Adoptive transfer of DCs isolated from WT mice into the NKG2D-deficient mice before the RSV infection ameliorated viral-induced inflammation. The decreased IFN-γ secretion and pathology score demonstrate the protective role of the transplanted “normal” DCs. This rescue of phenotype demonstrates the importance of NKG2D receptor ligand interactions with DCs during an RSV infection. However, it is important to point out the pathology in the recipient mice is still more severe compared with WT mice, emphasizing the possibility that there are likely other cells affected by the absence of NKG2D receptors and that contribute to the pathology.
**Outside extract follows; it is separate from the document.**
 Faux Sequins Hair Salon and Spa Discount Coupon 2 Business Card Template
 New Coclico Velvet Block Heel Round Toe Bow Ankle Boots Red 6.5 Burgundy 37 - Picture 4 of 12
It is interesting to point out that the transfer of DCs isolated from NKG2D-deficient mice into WT mice does not alter the phenotype, which indicates that host DCs have a survival advantage over DCs isolated from NKG2D-deficient mice. Alternatively, there may be enough remaining host DCs to maintain the normal immune response against RSV.
Taken together, our data demonstrate that NKG2D is necessary for the normal control of RSV infection. We speculate that the NKG2D-expressing cells are important in eliminating “unhealthy” DCs that express NKG2D ligands in the lung. In the absence of this surveillance mechanism, DCs accumulate during RSV infection. Thus, although some pulmonary DCs have impaired responses toward TLR ligands individually, the enhanced infiltration of DCs in the lung results in increased levels of pro-inflammatory cytokines in the NKG2D-deficient mice, which redirects the host immune responses, which results in enhanced pathology, such as augmented weight loss and lung inflammation. This newly described DC–NK cell pathway has novel implications for the regulation of DC function and provides insight into developing new potential targets aimed at resolving RSV-induced inflammation.
Notes
Potential conflicts of interest. All authors: No reported conflicts of interest. All authors have submitted the ICMJE Form for Disclosure of Potential Conflicts of Interest. Conflicts that the editors consider relevant to the content of the manuscript have been disclosed.
Financial Support. This work was funded in part by the support from the National Institutes of Health (HL119538 to M. T. B. and U54HL127672 to F. X. M.) and the Veteran’s Administration (I01BX002347 to M. T. B.)